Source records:
---+---

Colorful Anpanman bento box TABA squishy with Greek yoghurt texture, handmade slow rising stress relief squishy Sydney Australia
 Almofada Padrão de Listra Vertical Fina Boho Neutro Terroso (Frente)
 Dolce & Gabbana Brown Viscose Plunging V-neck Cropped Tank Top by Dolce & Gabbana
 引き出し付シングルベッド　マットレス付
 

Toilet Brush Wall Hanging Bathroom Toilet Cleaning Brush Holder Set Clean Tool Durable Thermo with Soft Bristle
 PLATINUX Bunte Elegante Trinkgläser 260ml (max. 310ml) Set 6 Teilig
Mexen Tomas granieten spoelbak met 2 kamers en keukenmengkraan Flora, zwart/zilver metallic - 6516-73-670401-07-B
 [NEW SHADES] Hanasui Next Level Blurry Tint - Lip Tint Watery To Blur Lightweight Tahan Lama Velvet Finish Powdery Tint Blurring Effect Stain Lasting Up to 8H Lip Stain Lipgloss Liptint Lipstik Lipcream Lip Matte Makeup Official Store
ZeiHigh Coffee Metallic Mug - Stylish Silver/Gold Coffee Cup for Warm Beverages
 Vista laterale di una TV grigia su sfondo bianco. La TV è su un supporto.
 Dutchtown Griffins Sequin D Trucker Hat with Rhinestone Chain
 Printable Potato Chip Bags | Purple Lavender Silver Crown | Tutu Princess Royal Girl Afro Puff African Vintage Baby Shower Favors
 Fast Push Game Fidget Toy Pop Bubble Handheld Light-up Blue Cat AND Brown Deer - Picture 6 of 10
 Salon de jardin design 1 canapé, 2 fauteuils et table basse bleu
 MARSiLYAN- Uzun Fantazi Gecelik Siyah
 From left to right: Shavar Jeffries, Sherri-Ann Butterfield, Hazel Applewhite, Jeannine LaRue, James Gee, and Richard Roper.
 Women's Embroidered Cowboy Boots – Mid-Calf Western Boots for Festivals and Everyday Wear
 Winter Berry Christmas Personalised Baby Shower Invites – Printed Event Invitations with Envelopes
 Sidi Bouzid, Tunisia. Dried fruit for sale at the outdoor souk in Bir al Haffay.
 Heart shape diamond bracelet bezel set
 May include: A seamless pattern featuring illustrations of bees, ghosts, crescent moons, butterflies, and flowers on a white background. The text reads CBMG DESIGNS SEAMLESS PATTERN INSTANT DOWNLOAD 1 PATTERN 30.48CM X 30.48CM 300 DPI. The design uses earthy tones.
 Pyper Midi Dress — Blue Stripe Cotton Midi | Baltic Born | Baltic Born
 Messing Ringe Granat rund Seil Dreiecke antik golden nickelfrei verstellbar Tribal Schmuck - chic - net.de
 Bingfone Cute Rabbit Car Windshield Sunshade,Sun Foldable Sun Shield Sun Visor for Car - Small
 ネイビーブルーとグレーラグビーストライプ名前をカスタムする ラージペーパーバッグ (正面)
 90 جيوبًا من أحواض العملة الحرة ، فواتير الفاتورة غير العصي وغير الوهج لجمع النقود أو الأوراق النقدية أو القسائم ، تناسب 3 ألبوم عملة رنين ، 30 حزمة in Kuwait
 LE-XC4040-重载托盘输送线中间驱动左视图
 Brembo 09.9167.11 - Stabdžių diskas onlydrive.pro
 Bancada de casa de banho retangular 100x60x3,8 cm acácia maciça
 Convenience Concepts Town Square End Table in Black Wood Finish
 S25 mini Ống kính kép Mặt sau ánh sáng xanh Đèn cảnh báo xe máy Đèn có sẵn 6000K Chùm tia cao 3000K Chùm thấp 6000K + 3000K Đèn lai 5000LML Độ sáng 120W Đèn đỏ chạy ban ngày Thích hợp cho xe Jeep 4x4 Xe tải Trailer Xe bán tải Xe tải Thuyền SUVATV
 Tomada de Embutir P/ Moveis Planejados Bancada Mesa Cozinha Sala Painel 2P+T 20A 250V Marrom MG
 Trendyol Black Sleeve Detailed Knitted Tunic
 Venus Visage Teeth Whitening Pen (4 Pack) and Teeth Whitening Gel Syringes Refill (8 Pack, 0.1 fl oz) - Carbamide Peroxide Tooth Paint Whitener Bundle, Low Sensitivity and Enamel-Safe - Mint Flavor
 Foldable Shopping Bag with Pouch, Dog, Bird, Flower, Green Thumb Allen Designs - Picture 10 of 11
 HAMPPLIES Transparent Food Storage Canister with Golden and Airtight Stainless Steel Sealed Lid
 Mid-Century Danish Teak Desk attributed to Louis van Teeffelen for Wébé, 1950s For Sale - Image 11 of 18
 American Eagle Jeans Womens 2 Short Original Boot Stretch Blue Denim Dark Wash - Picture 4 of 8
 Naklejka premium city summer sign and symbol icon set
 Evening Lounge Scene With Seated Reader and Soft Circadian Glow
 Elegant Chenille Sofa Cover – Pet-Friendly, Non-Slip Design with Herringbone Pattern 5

---+---

WORK REQUIRED: For every line above that holds the word "Foldable", report the whole line.

RESPONSE:
 Bingfone Cute Rabbit Car Windshield Sunshade,Sun Foldable Sun Shield Sun Visor for Car - Small
 Foldable Shopping Bag with Pouch, Dog, Bird, Flower, Green Thumb Allen Designs - Picture 10 of 11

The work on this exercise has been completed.